After our time at World Relief we all went back to spend the last night with our host family before leaving for Thailand tomorrow afternoon. Upon entering the door of my host family I was met immediately by the mom and daughter who offered me dinner. The daughter, Xin Xin, had spent the day cooking for us and she is an amazing cook because dinner was delicious. After I had finished my plate of food Nay Htoo walked in and informed we were having a barbecue so there was going to be more food to eat after I was done. So, I went outside for the barbecue and met some more amazing people before we set down to eat again. The first man that I was able to talk was Wilfred who is an absolutely amazing man with a great story to tell. He is so wise and strong, and our conversation really inspired me to start fighting for what I believe in, because his story is full of perseverance and strength. I hope that some day I become a man like him, a man who loves and sacrifices for those around him and not for himself. A man who truly follows Christ. The other gentleman that I met was a missionary from Burma and is just as courageous and note worthy as Wilfred. He had come over to the United States in order to discuss what the church could look like in places like Burma and he has huge vision for the Burmese church once he gets back to Burma. I am so excited to see what he is going to over there because God is really going to use him over there. Hopefully some day we will be able to help him with his mission in Burma. So needless to say with this kind of company around the dinner table our dinner conversation was absolutely amazing and so refreshing.

Once we were finished with dinner everyone left to go home and I was able to sit down and talk with the host family for the rest of the night. We talked about so many things, Thailand, family, relationships, education, government systems, the history of the Burmese conflict, the church and God. It was definitely one of the best conversations ever. Nay Htoo and his wife were full of so much wisdom that I was privileged to receive from them, especially when it comes to God and his church/people. In fact Nay Htoo said a few things that really made me think and I wish I could talk to you all about each one but time and space does not permit that, so I am just going to list a few of them and I hope you all think about them.

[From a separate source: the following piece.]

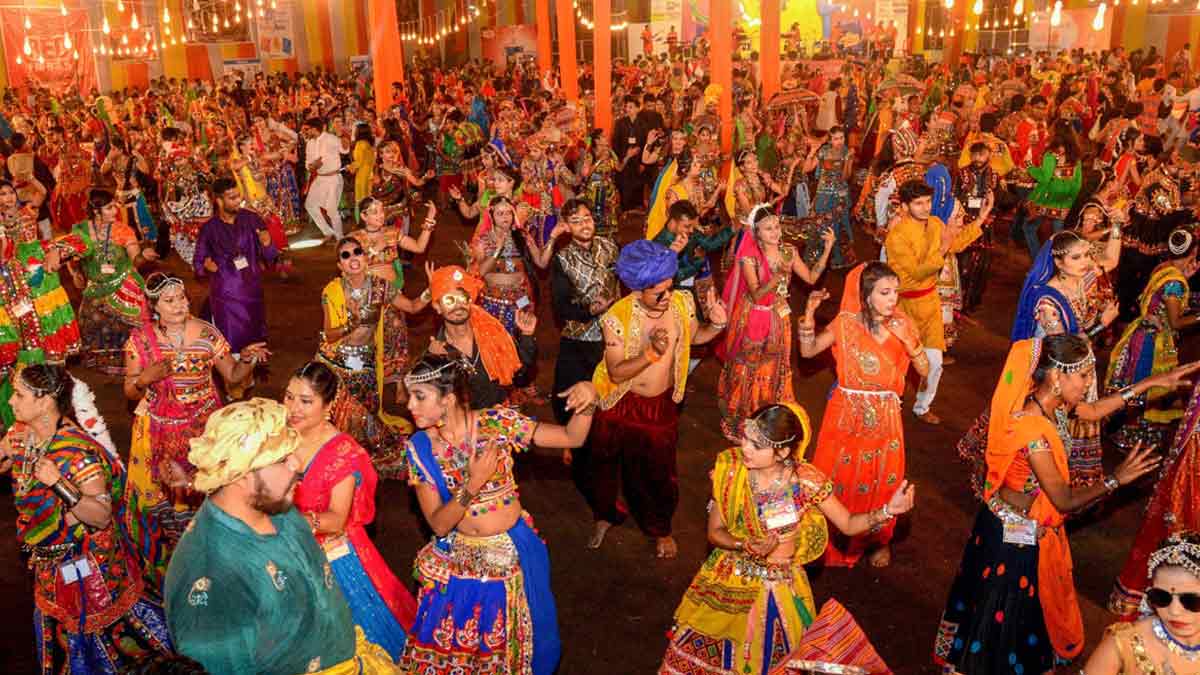 Navratri celebrations Noidas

1.) We need one person who is well respected to organize and lead us (referring to the Karen Community)
2.) We help each other so that we can help another
3.) Everybody hears God and has a message to give not just the pastor
4.) God gives us seven days and he only asks for one, he must be angry when we only give him one or 2 hour.
5.) If you give, you have; if you do not give; you do not have.

I think these words have a lot of wisdom in them, and they come from a wise man who lives them out. We Americans have a lot to learn from our Karen brothers and sisters, and we have a lot to share. But how different could we be if the church applied the wisdom to their lives that these 5 pieces of advice contain. That is what I have been thinking about all night? Hopefully we can find out in the future!